Les huées qui ont salué l’intervention de Ron Paul le 16 janvier lors du débat en Caroline du Sud, qui proposait une «règle d’or» en matière de politique étrangère reflètent assez bien les réactions des Républicains à travers le pays.

Dans le dernier sondage Washington Post/ABC News, deux fois plus d’électeurs ou de sympathisants du parti républicain déclarent que l’opposition de Ron Paul aux interventions militaires extérieures constitue, à leur yeux, une raison de s’opposer à lui (49%) plutôt que de le soutenir (25%), soit des chiffres encore plus défavorables qu’en décembre.

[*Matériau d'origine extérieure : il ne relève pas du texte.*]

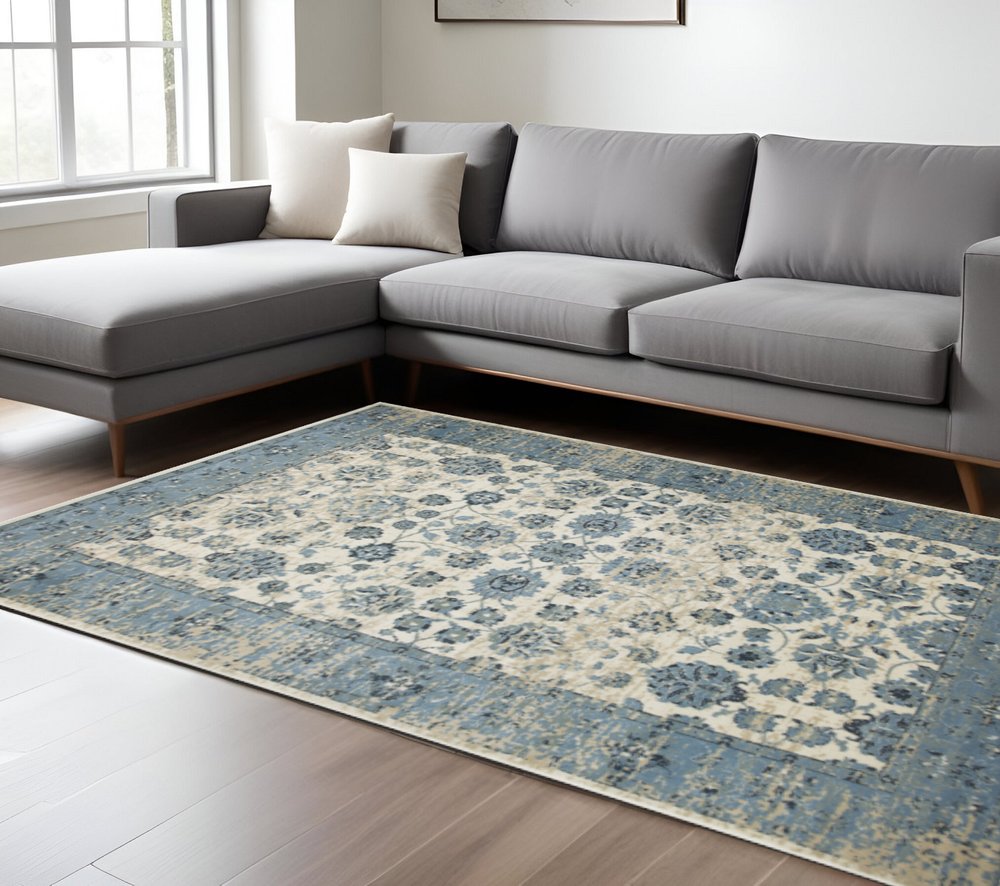 8' X 11' Ivory And Sky Blue Oriental Area Rug
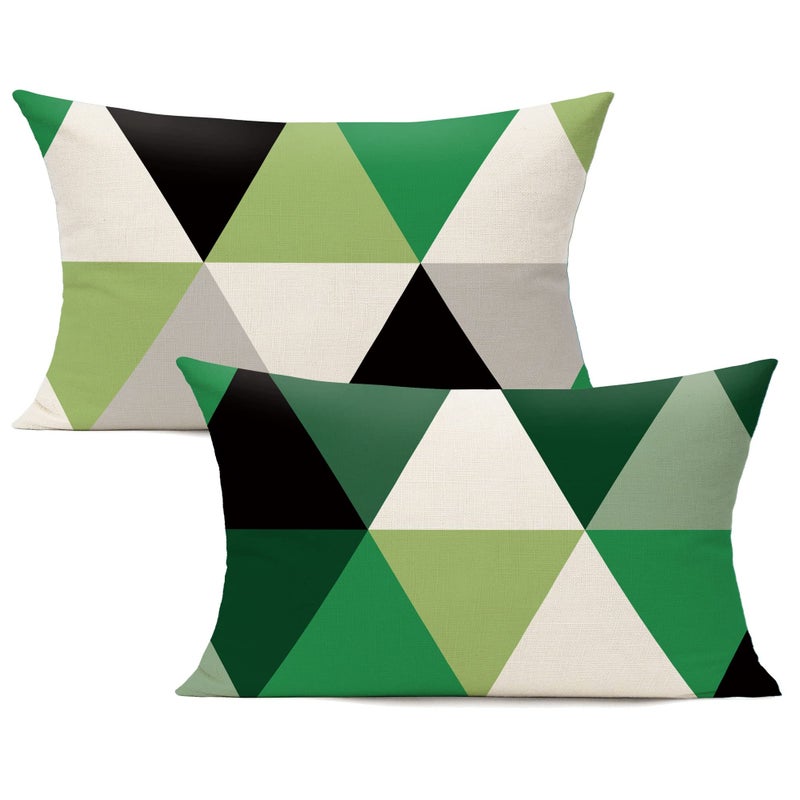 All Smiles Lumbar 12x20 Outdoor Throw Pillow Covers Fall Decor Colorful Decoration Porch for Home Living Room Couch Sofa Geometric Modern Cushion Cases Triangle Set of 2 Green - Image 1
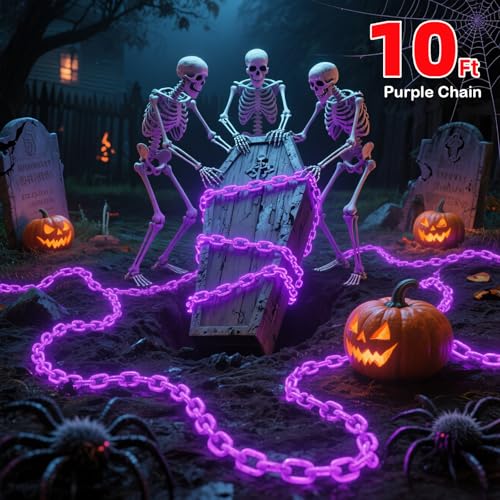Purple Solar Halloween String Lights Outdoor - 10Ft Waterproof Chain Lighting for Haunted House & Yard Decor - Variation: Purple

La posture isolationniste de Ron Paul rencontre malgré tout un certain écho au sein de l’électorat conservateur, comme en témoignent les cris d’approbations entendus après que Paul a déclaré:

«Ce pays n’a pas besoin d’une autre guerre; nous devons nous désengager de celles que nous menons.»

Si la plupart des électeurs républicains ne sont pas d’accord avec cette vision, plus d’un sympathisant républicain sur trois affirme que la principale raison de son soutien à la candidature de Ron Paul est l’opposition de ce dernier à toute intervention à l’étranger. Pourtant,  au sein même des troupes de Ron Paul, 4 personnes sur 10 sont opposées (1) à cette vision.

Scott Clement

Traduit par Antoine Bourguilleau

(1) Le sondage a été effectué par téléphone, du 12 au 15 janvier sur un échantillon représentatif de 1.000 personnes. Les résultats ont une marge d’erreur de plus ou moins 3,5%. L’échantillon de 414 républicains et sympathisants républicains.